## YOUR TASK
Return all entries verbatim; skip any pictures.

## DATASET
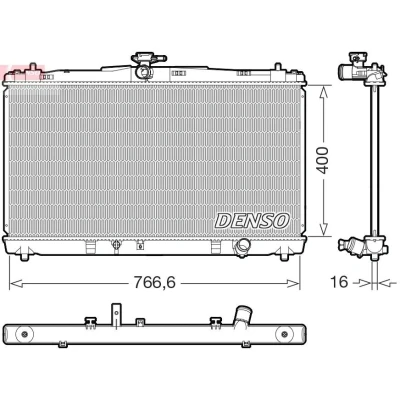 Imagem de DENSO Radiador, arrefecimento do motor 766mm 400mm 16mm DRM50144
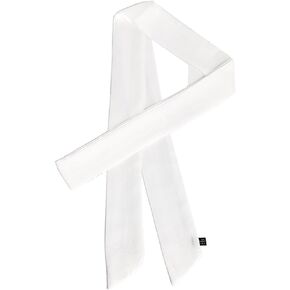 وشاح طويل رفيع من الشيفون يشبه الحرير من Lujuny - حزام خصر رفيع بربطة عنق للنساء والفتيات، 78.0 بوصة (أبيض) in Kuwait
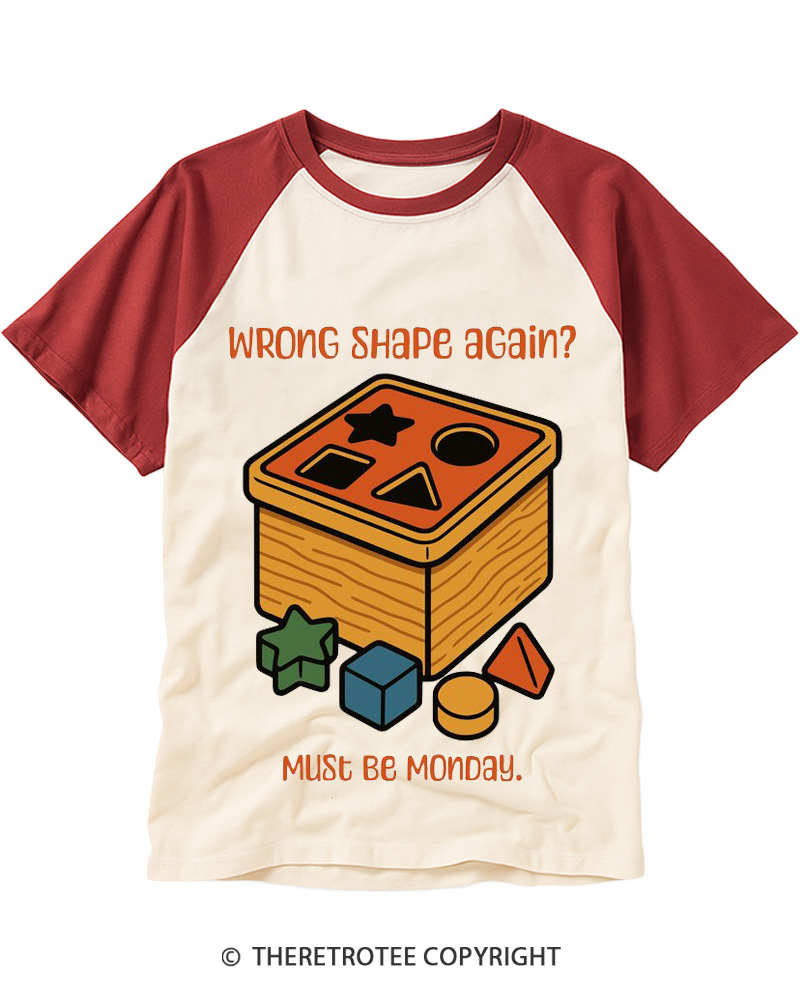 TheRetroTee Must be Monday 1990s Raglan Baseball T-Shirt
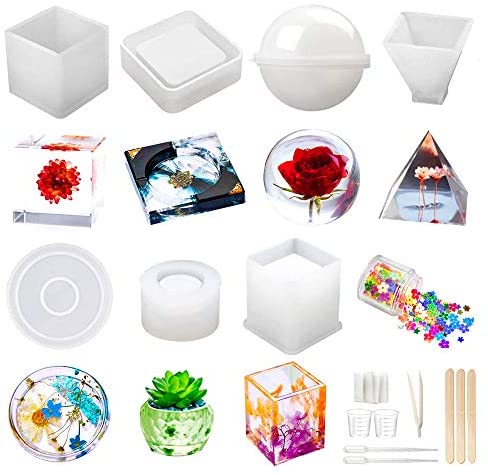YOILES Large Resin Molds for Flower Preservation, Silicone Molds for Epoxy  Resin for DIY Wedding Bouquet Preservation, Including Deep Hexagon, Round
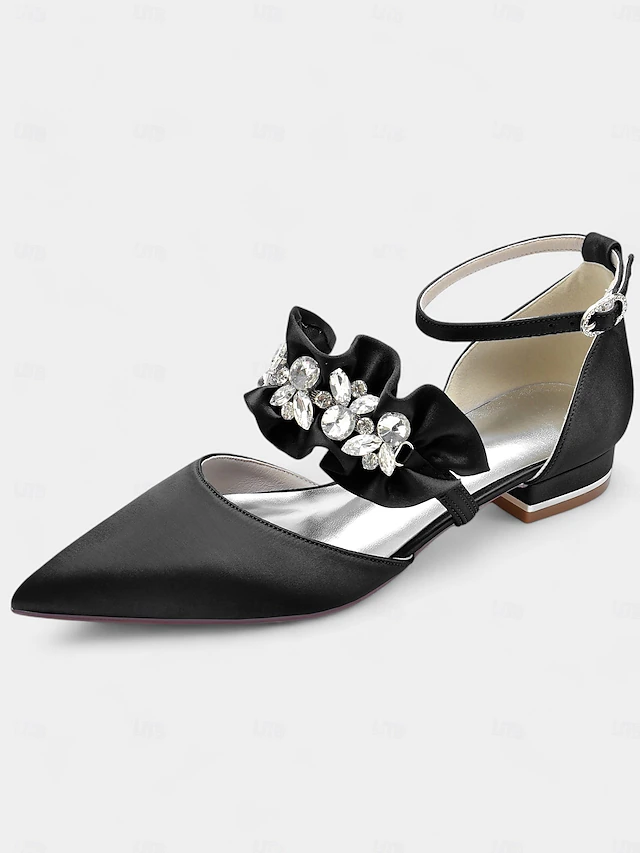Women's Black Satin Pointed-Toe Flats with Rhinestone Floral Embellishments – Elegant Shoes for Weddings and Formal Events 18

## WRITTEN RESPONSE
 Imagem de DENSO Radiador, arrefecimento do motor 766mm 400mm 16mm DRM50144
 وشاح طويل رفيع من الشيفون يشبه الحرير من Lujuny - حزام خصر رفيع بربطة عنق للنساء والفتيات، 78.0 بوصة (أبيض) in Kuwait
 TheRetroTee Must be Monday 1990s Raglan Baseball T-Shirt
YOILES Large Resin Molds for Flower Preservation, Silicone Molds for Epoxy  Resin for DIY Wedding Bouquet Preservation, Including Deep Hexagon, Round
Women's Black Satin Pointed-Toe Flats with Rhinestone Floral Embellishments – Elegant Shoes for Weddings and Formal Events 18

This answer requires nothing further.